What the task asks: Your answer must be the records, copied with no change.

Data records:
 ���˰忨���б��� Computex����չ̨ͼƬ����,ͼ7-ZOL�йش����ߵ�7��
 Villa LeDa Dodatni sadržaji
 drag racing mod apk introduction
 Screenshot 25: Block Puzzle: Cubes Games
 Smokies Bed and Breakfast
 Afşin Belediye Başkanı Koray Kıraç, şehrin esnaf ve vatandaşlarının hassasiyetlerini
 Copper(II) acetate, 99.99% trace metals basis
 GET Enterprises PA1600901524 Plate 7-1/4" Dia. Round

Solution to this exercise:
 ���˰忨���б��� Computex����չ̨ͼƬ����,ͼ7-ZOL�йش����ߵ�7��
 Villa LeDa Dodatni sadržaji
 drag racing mod apk introduction
 Screenshot 25: Block Puzzle: Cubes Games
 Smokies Bed and Breakfast
 Afşin Belediye Başkanı Koray Kıraç, şehrin esnaf ve vatandaşlarının hassasiyetlerini
 Copper(II) acetate, 99.99% trace metals basis
 GET Enterprises PA1600901524 Plate 7-1/4" Dia. Round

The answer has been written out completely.